Here are the exact steps that I did to get (2.) above to work.

This gets OS X Server 5 to work with TLS 1.2 and forward secrecy on 10.11.1, making ATS perfectly happy (especially if you're a developer this is really cool).

  1. Install Homebrew and brew install openssl, brew install PCRE
  2. Download the latest source for Apache, apr, and apr-util
  3. Extract Apache source into /usr/local/src/httpd-2.4.17
  4. Extract apr and apr-util archives to /usr/local/src/httpd-2.4.17/srclib/apr and /usr/local/src/httpd-2.4.17/srclib/apr-util
  5. Replace the character "+" with the word "apache2" in the files config.layout inside the apr and apr-util dirs
  6. In Terminal, execute the following commands:

    cd /usr/local/src/httpd-2.4.17
    CFLAGS="-arch x86_64"
    ./configure --prefix=/usr/local/apache-2.4.17 --with-included-apr --with-included-apr-util -with-mpm=prefork --with-ssl=/usr/local/opt/openssl --enable-mods-shared=reallyall --enable-layout=Darwin
    make
    make install
    
  7. Copy mod_hfs_apple.so, mod_authnz_ldap.so, and mod_ldap.so from /usr/libexec into /usr/local/apache-2.4.17/libexec/apache2/

  8. Disable SIP: Restart into Recover mode (command-R), open Terminal, and type csrutil disable. (This allows you to be able to make changes inside the /usr/sbin and /usr directories, necessary to swap out the insecure default Apache with the new secure one you'll be building.)
  9. Restart back into normal mode, open Terminal, and type the following commands:

    sudo mv /usr/sbin/httpd /usr/sbin/httpd.old
    sudo mv /usr/libexec/apache2 /usr/libexec/apache2.old
    sudo ln -s /usr/local/apache-2.4.17/sbin/httpd /usr/sbin/httpd
    sudo ln -s /usr/local/apache-2.4.17/libexec/apache2/ /usr/libexec/apache2
    
  10. Re-enable SIP: restart into Recover mode, open Terminal, and type csrutil enable.
  11. Restart back into normal mode and download the latest source for PHP, then extract it to /usr/local/src/php-5.6.16 (or whatever version; 7.0 just came out, woot, but I don't know if it would break OS X Server's own uses of PHP)
  12. Configure PHP with the following command (modify as needed, but this worked for my LAMP stack with OS X Server 5):

    ln -s /usr/local/opt/openssl /usr/local/openssl
    cd /usr/local/src/php-5.6.16
    CFLAGS="-arch x86_64" 
    ./configure --with-openssl=/usr/local/opt/openssl --with-pcre-regex=/usr/local/opt/pcre --with-curl=/usr/bin/curl --enable-exif --with-mysql=/usr/local/mysql --with-mysql-sock=/tmp/mysql.sock --with-pdo-mysql --enable-opcache --with-apxs2=/usr/local/apache-2.4.17/bin/apxs --prefix=/usr/local/apache-2.4.17/php/ --enable-sockets --enable-zip --with-pear=/usr/local/apache-2.4.17/lib/php --enable-mbstring --with-mysqli
    make
    make install
    
  13. In a text editor, edit the file: /Library/Server/Web/Config/Proxy/servermgr_serviceproxy_customsites.plist Starting at line 65, perform these changes (lines to delete, new lines):

    SSLCipherSuite "ALL:!aNULL:!ADH:!eNULL:!LOW:!EXP:RC4+RSA:+HIGH:+MEDIUM"

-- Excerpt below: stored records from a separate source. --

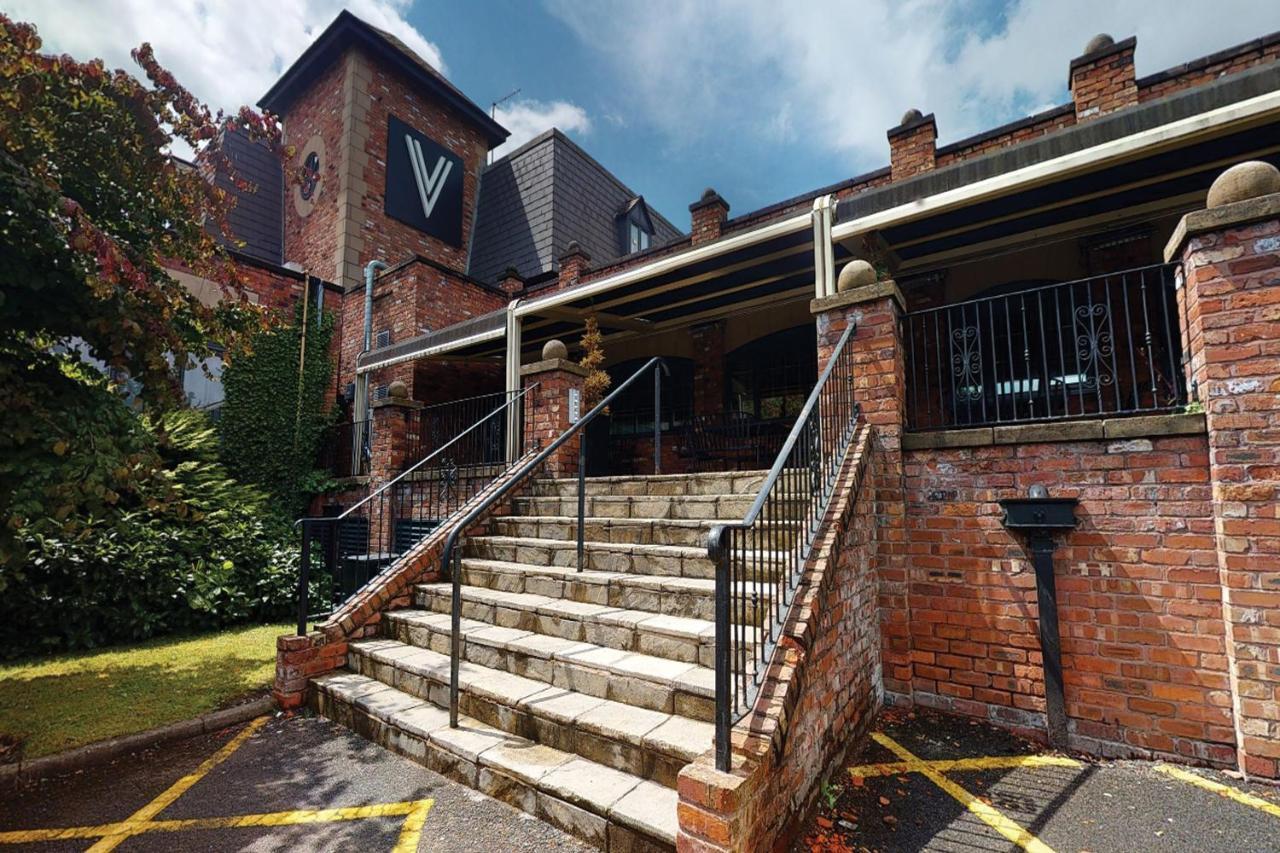 Village Hotel Warrington Zewnętrze zdjęcie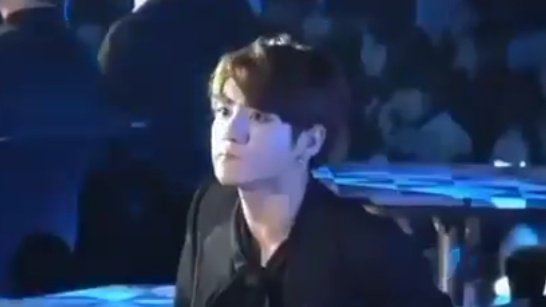 prkfairy's tweet photo. i refuse to believe this is jungkook and not seokjin
#ArmyConfessionTime https://t.co/hZNRq0C0IZ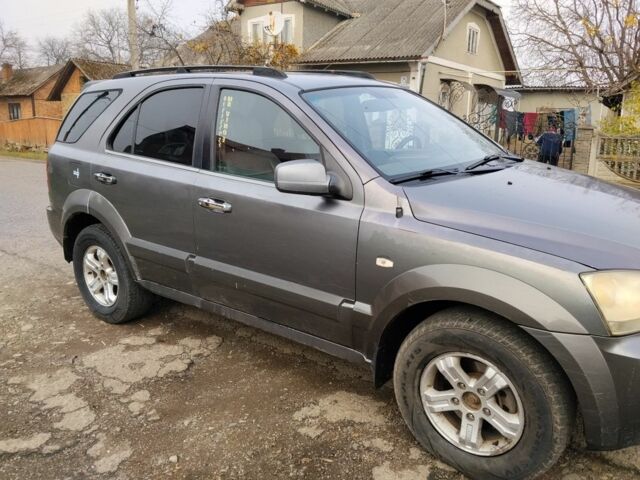 Серый Киа Соренто, объемом двигателя 2.5 л и пробегом 300 тыс. км за 2789 $, фото 1 на Automoto.ua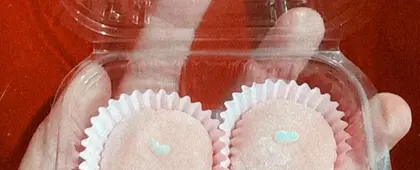 DOCES DA JENNY e SALGADOS DA JÔ 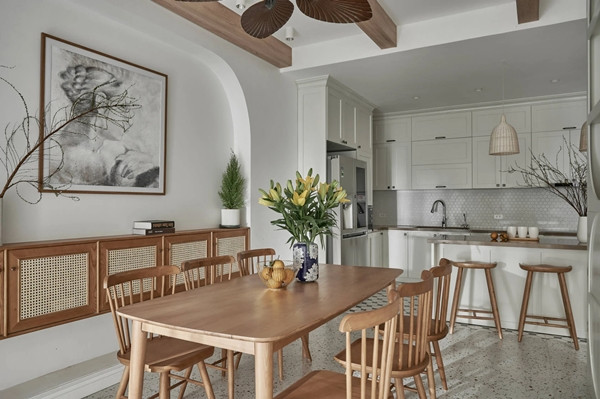 Bếp và bàn ăn bố trí cạnh phòng khách. Ảnh: Wuyhoang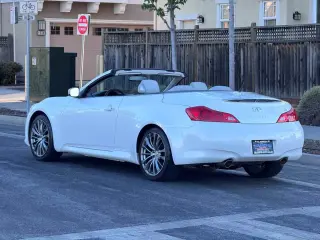 2011 INFINITI G37 Convertible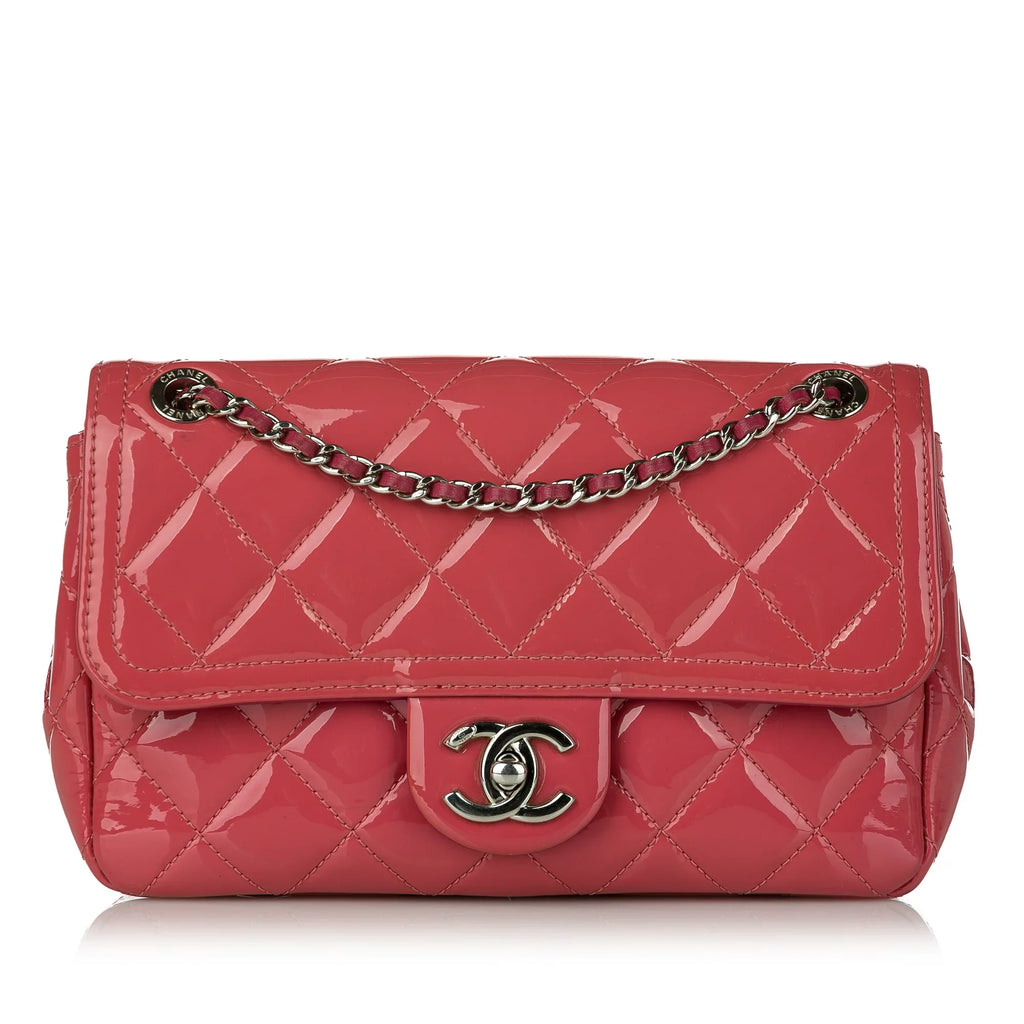 Pre-Owned Chanel Sizemall Coco Sizehine Flap Bag Patent Leather Red Crossbody Bag Women (Good)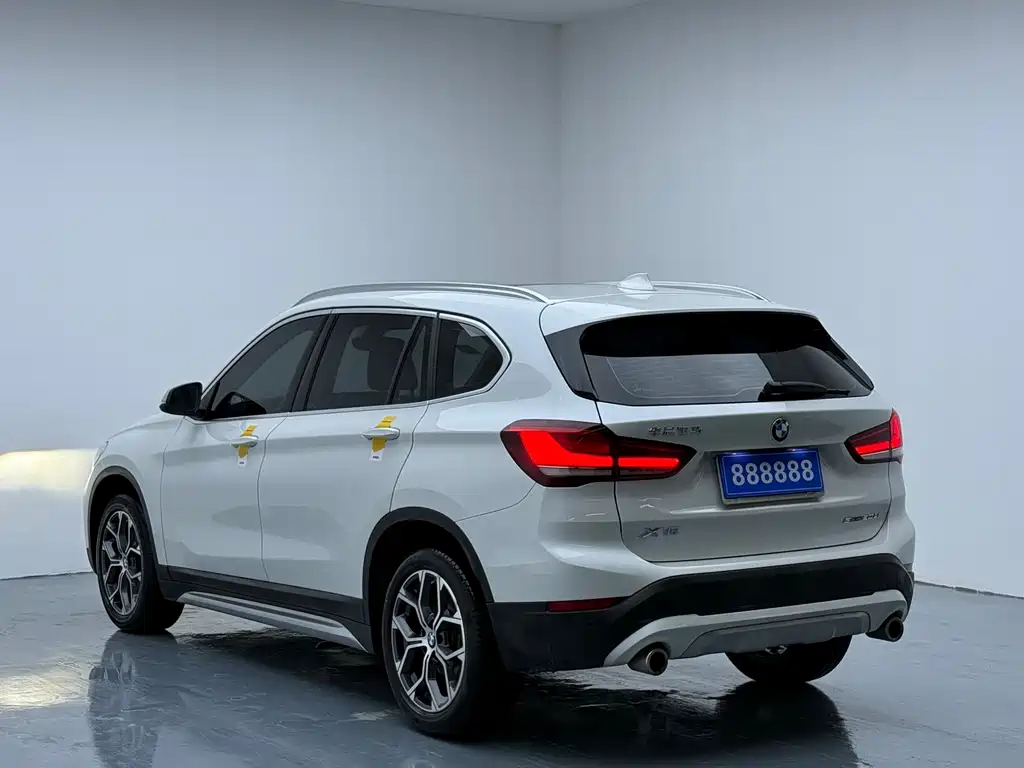BMW X1 — фото 8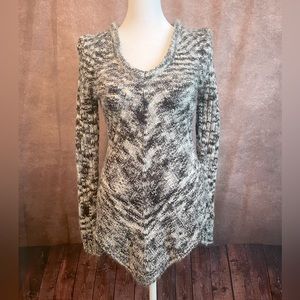 Ultra Flirt sweater  Sz M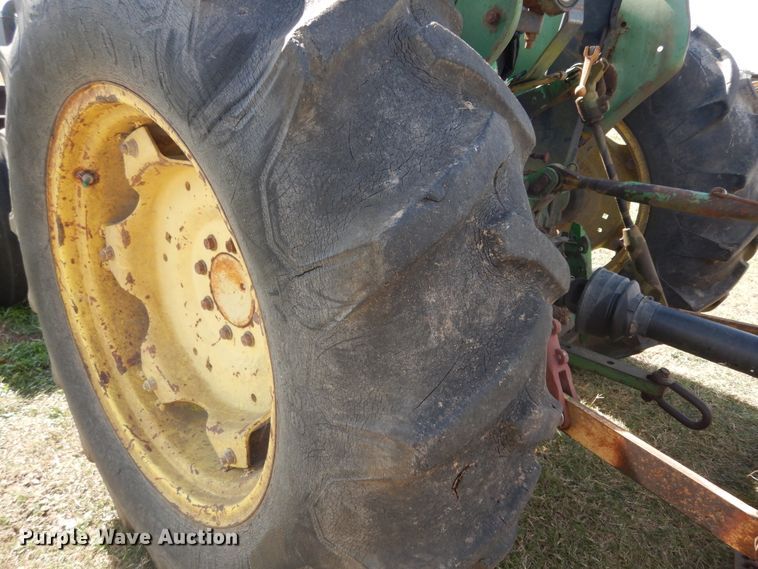 image for item DJ6716 John Deere 2155  tractor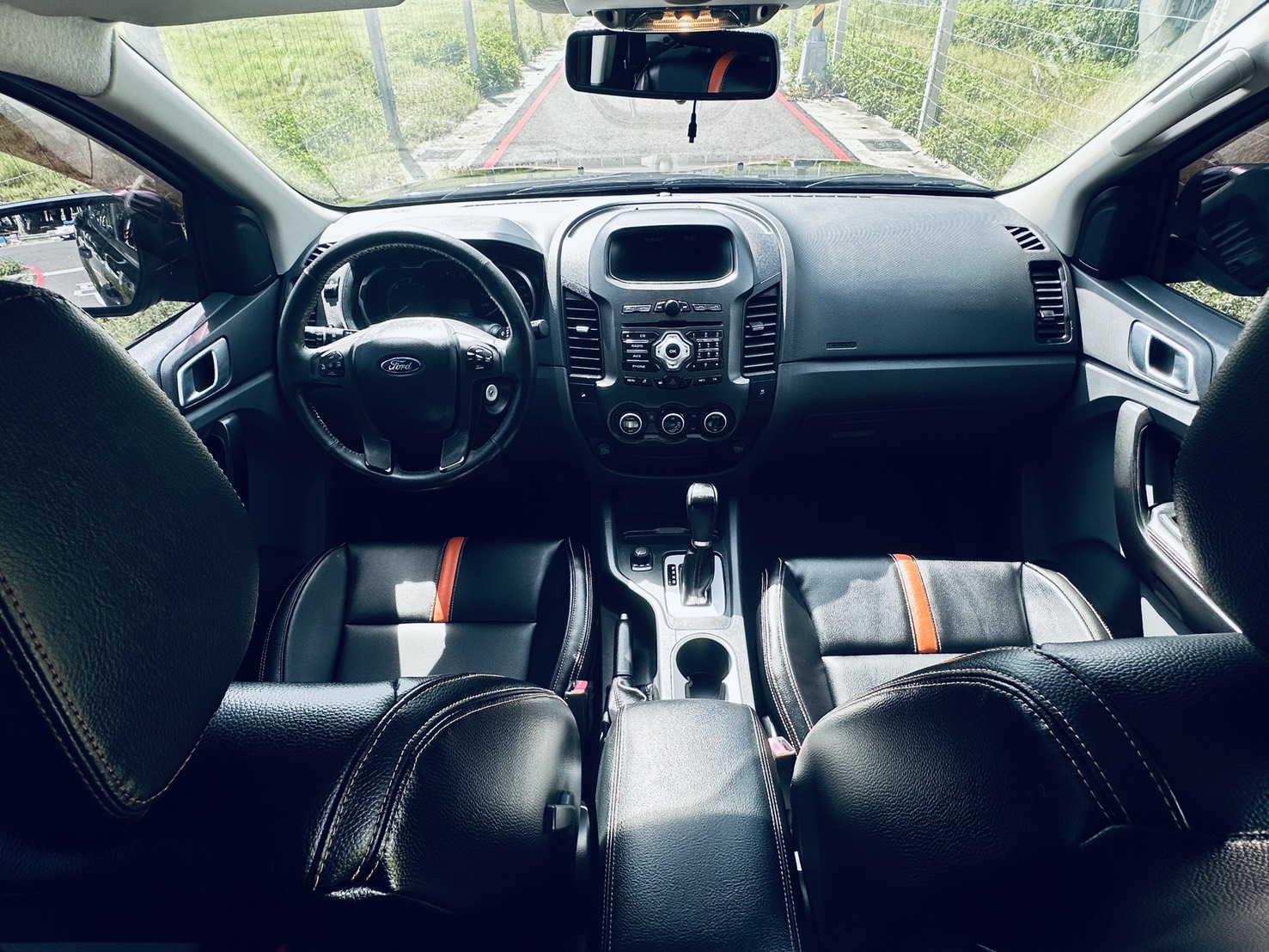 《鑫宏車業》 此商品已下架---[ 18吋鋁圈 ] ４ＷＤ 柴油 二代 雙廂貨卡..  第12張相片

    SSLCipherSuite "ECDH+AESGCM:DH+AESGCM:ECDH+AES256:DH+AES256:ECDH+AES128:DH+AES:ECDH+3DES:DH+3DES:RSA+AESGCM:RSA+AES:RSA+3DES:!aNULL:!MD5:!DSS"

    SSLHonorCipherOrder On

    SSLProtocol -ALL +TLSv1

    SSLProtocol -SSLv2 -SSLv3

    SSLProxyProtocol -ALL +TLSv1

    SSLProxyProtocol -SSLv2 -SSLv3

  14. Next, make a similar change in apache_serviceproxy_customsites.conf, starting at line 13 (lines to delete, new lines):

    SSLCipherSuite "ALL:!aNULL:!ADH:!eNULL:!LOW:!EXP:RC4+RSA:+HIGH:+MEDIUM"

    SSLHonorCipherOrder On

    SSLCipherSuite "ECDH+AESGCM:DH+AESGCM:ECDH+AES256:DH+AES256:ECDH+AES128:DH+AES:ECDH+3DES:DH+3DES:RSA+AESGCM:RSA+AES:RSA+3DES:!aNULL:!MD5:!DSS"

    SSLProtocol -ALL +TLSv1

    SSLProtocol ALL -SSLv2 -SSLv3

    SSLProxyProtocol -ALL +TLSv1

    SSLProxyProtocol ALL -SSLv2 -SSLv3

  15. Next, make the exact same changes as in step 14., in apache_serviceproxy.conf, starting at line 198.

  16. Start OS X server and run the following command to verify that you have succeeded: /usr/bin/nscurl --ats-diagnostics https :// [[your custom site's https url]] Note: the URL will obviously need to be formatted properly. I put an extra space in there before the colon because otherwise this post gets sent to moderation.

In my case ALL of the tests came back with a "PASS."

I can provide you a git patch file to make the changes to your .conf files assuming you still have a virgin install and you're on the same version as me.